The map is based essentially on GUNiO data holdings, but also incorporates relevant information contained in GEBCO materials, as well as topographic data from land areas. The bathymetric data coverage includes observations accomplished over more than 4 million square km with a density of no less than 15-20 km between data points, and with much closer spacing in some better studied areas. The accuracy of positioning of data points was 500 m and better, while the precision of depth sounding was 0.5% of the measured depth.
GUNiO and VNIIOkeangeologia have jointly undertaken to print a limited amount of one-sheet copies of this map prior to the publication of the entire Atlas. The first 600 copies (300 in Russian, 300 in English) will hopefully be printed in spring 1999. It is anticipated that part of this amount will be distributed free of charge among national, international and foreign organizations which are involved in the Arctic bathymetry project and/or which may need such due to their activity profile. The remaining copies may have to be offered to interested professional groups and individuals for purchasing at a moderate price in order to compensate, if only partly, for the costs of printing.

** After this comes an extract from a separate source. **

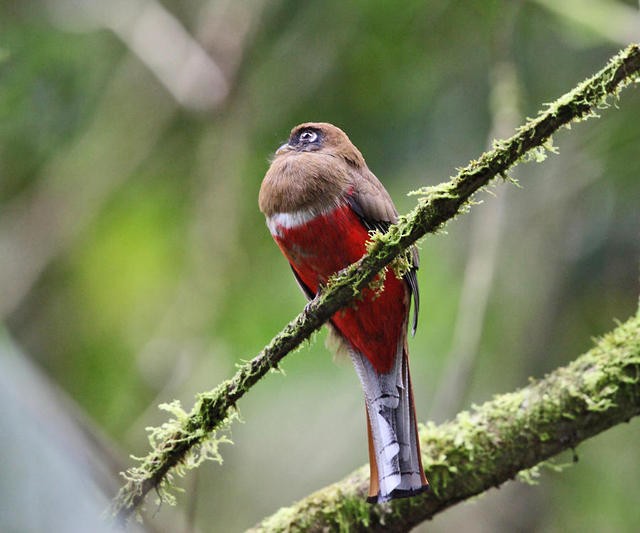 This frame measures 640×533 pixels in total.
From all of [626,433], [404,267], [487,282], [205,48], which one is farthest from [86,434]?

A bathymetric and topographic grid over the Barents and Kara Sea region
A grid model representing the bathymetry and topography over the Barents and Kara Sea region has been compiled by using published bathymetric maps from NRL (Naval Research Laboratory, Washington) together with land elevation data from U.S Geological Survey's global land elevation model, GTOPO30. The World Vector Shore line (WVS) was used to represent the coast shoreline. The model consists of a uniform 1 km X 1 km Cartesian grid of depth and height values. This Cartesian grid is built on a Polar stereographic projection with the true scale at 75 N. Gridding was done in a two step operation by using Intergraph's Terrain Analyst software: 1) Delauney triangulation; 2) Gridding through a planar bicubic interpolation where a plane is fitted through the three vertices of a triangle and the z-value (height or depth) for a grid cell is calculated by solving the equation for the plane. As illustrated in Figure 5, the final model yields a convincing shaded relief portrayal of the Barents and Kara Sea region.
Treatment of declassified submarine data from 1957-1982
Since the last meeting in Saint Petersburg, the digital bathymetry for 22 US nuclear submarine tracks in the Arctic region have been obtained. Of these, 17 are considered to be of adequate quality for use in assisting the compilation of a new bathymetric chart of the Arctic Ocean.

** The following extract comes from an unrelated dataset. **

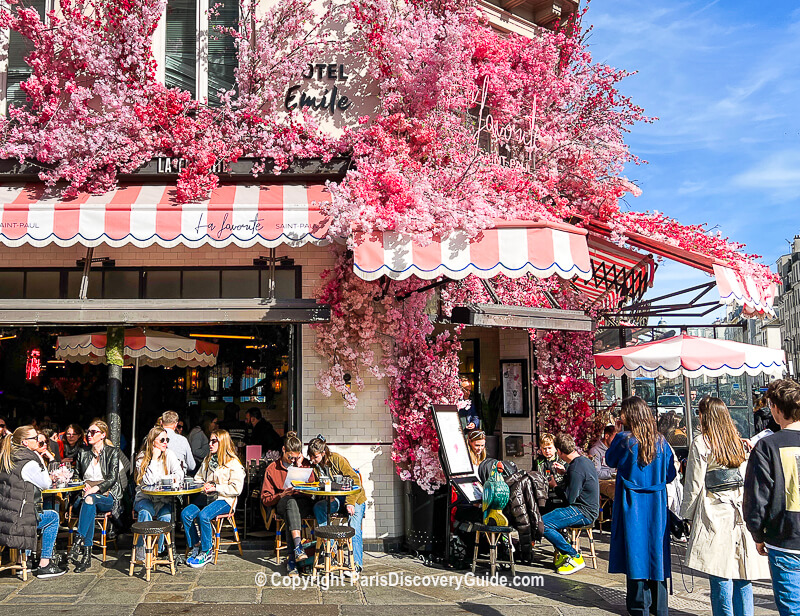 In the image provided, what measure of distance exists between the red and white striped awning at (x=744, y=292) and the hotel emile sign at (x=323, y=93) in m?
5.26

Requirements: When the US Navy agreed to release the data to the scientific community, it was with the proviso that the data be "sanitized," removing any and all references to the name of the vessel collecting the data and the dates in which the mission was carried out. Further, the data were to be grouped into three time periods: 1958-1962; 1966-1972; and 1973-1982.
Procedures: Once the classified data were obtained from the Navy, they were reformatted, removing all references to the name of the vessel and the dates of the mission. Thus, the data files were reduced to contain only latitude, longitude and depth. The data were then examined to ensure that only data in the deep Arctic Ocean basin were used. This rule was relaxed for data on the Canadian shelf, since Canada participated in some of the cruises. In the rare instance where tracks may have crossed into the EEZ of another nation, the tracks were terminated at the shelf-break. Because these submarines navigated by using inertial navigation systems, navigation errors crept into the data. Some of these were so severe that the entire cruise data set was discarded. However, as the time period progressed, the navigation was deemed to be of increasingly good quality.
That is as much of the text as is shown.